[Caption-style text data]
= = = = =

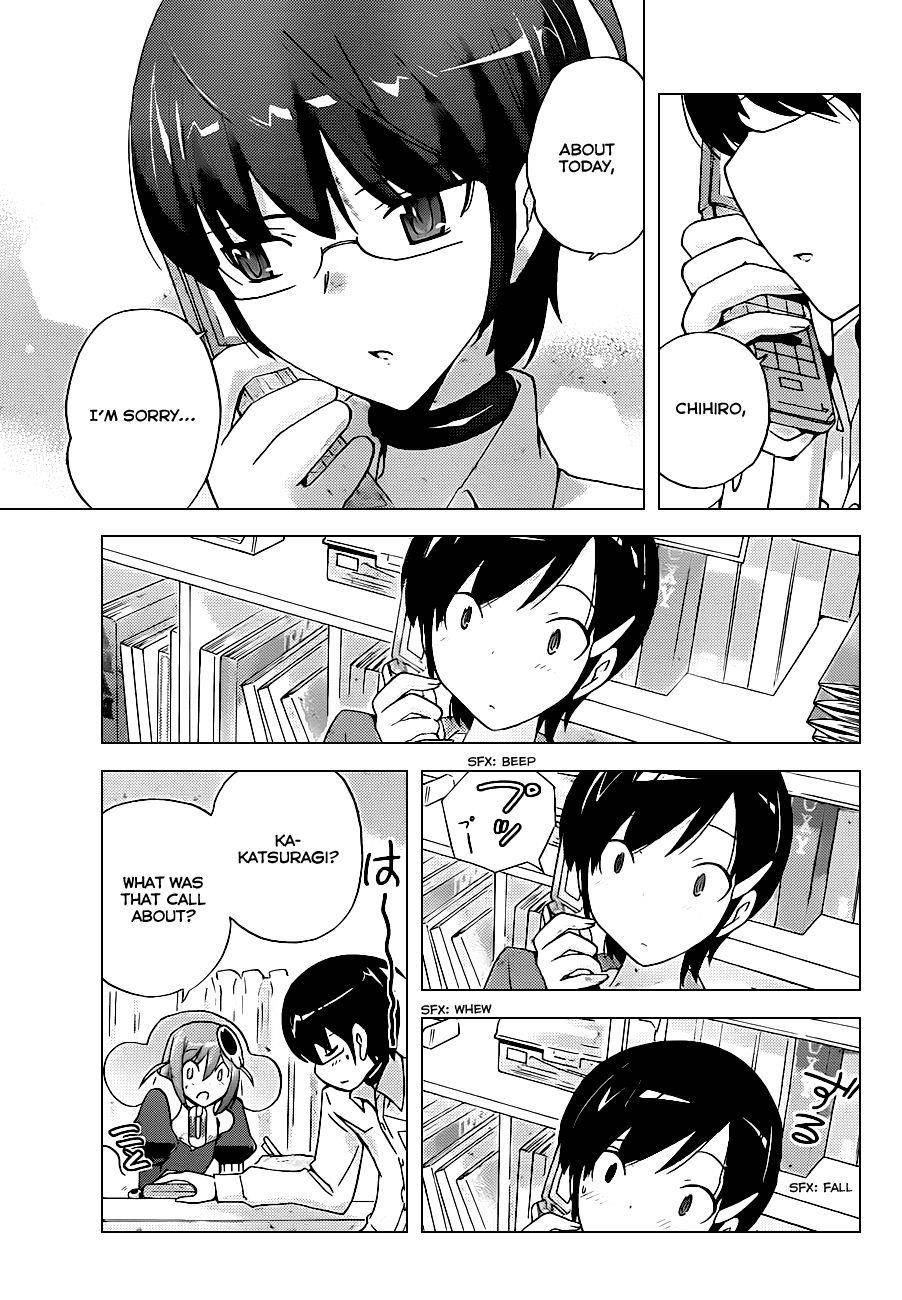 The World God Only Knows Chapter 125 - Page 18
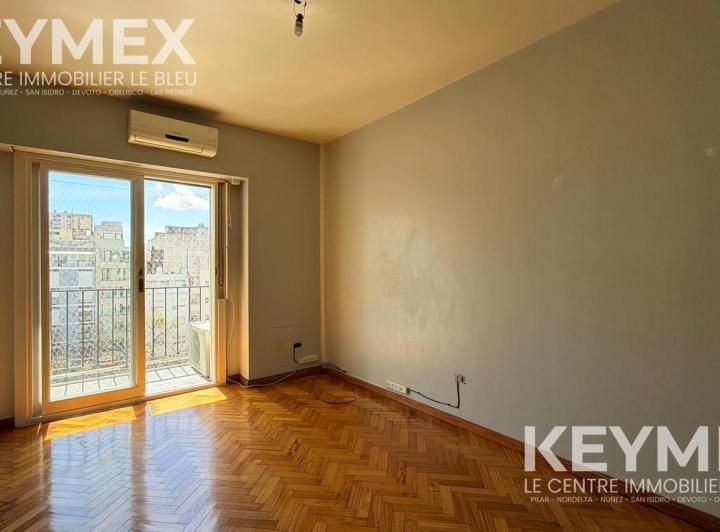 Departamento · 38m² · 2 Ambientes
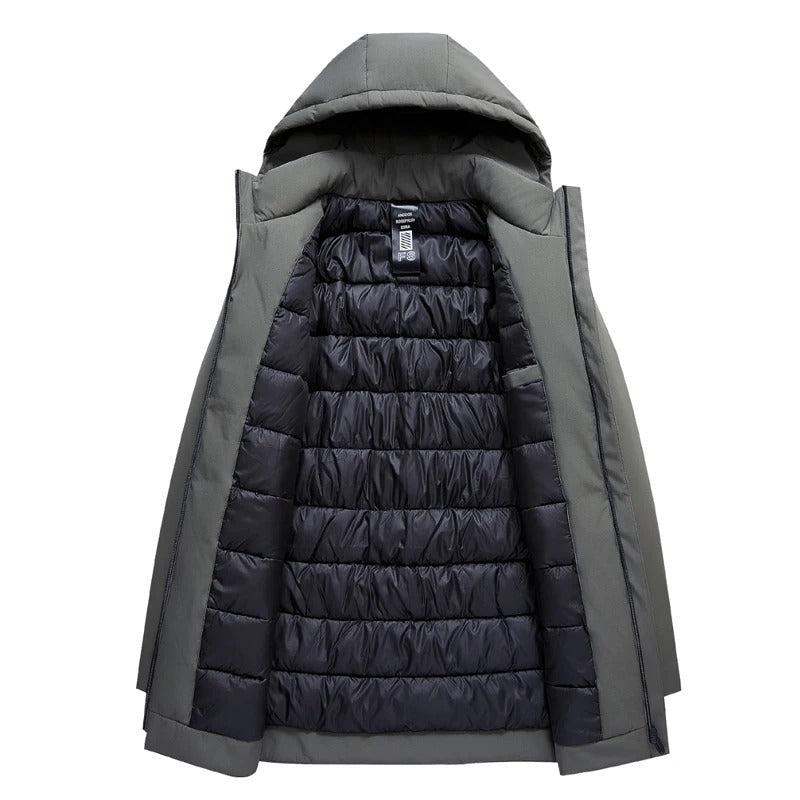 Mune | Classic Winter Parka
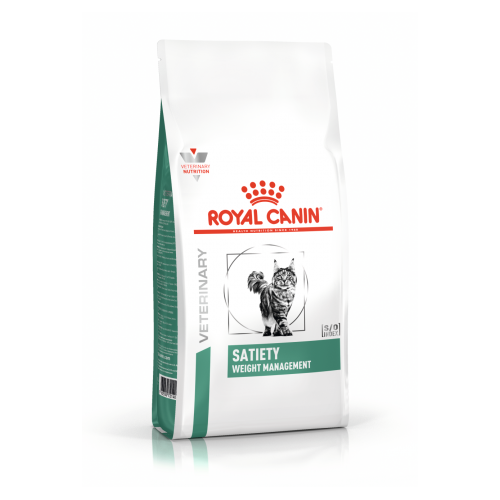 Royal Canin Veterinary Diet Satiety Weight Management Cat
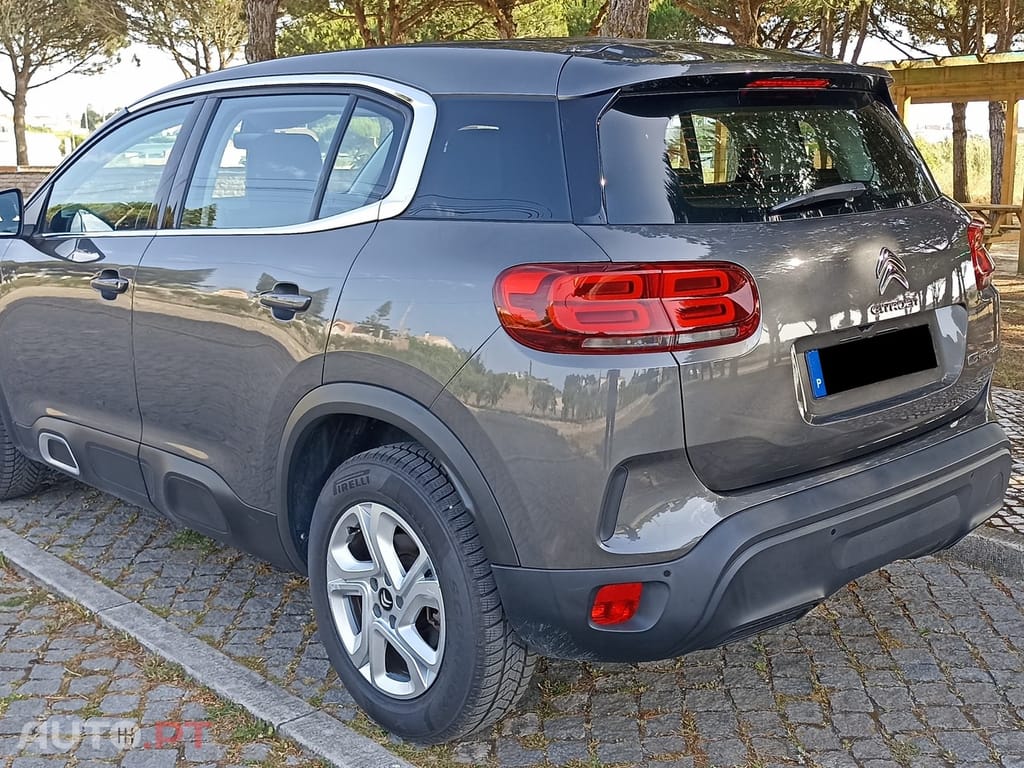 Citroen C5 Aircross BlueHDI 130 S&S LIVE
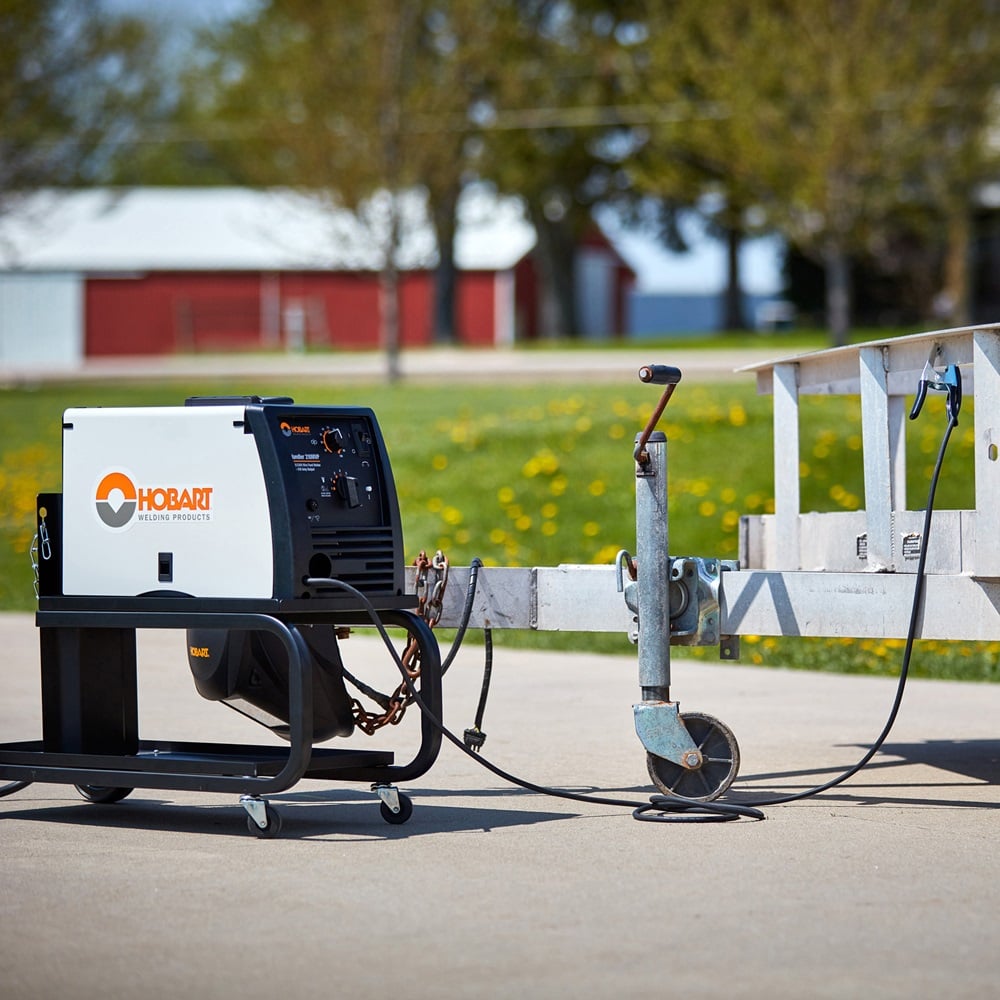 Poste à souder MIG Handler 140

= = = = =

TASK REQUIREMENTS: Only the lines from the one that holds "Royal Canin Veterinary" through the end of the records above should be printed again, exactly as they are. Leave out the pictures.

ANSWER SPACE:
 Royal Canin Veterinary Diet Satiety Weight Management Cat
 Citroen C5 Aircross BlueHDI 130 S&S LIVE
 Poste à souder MIG Handler 140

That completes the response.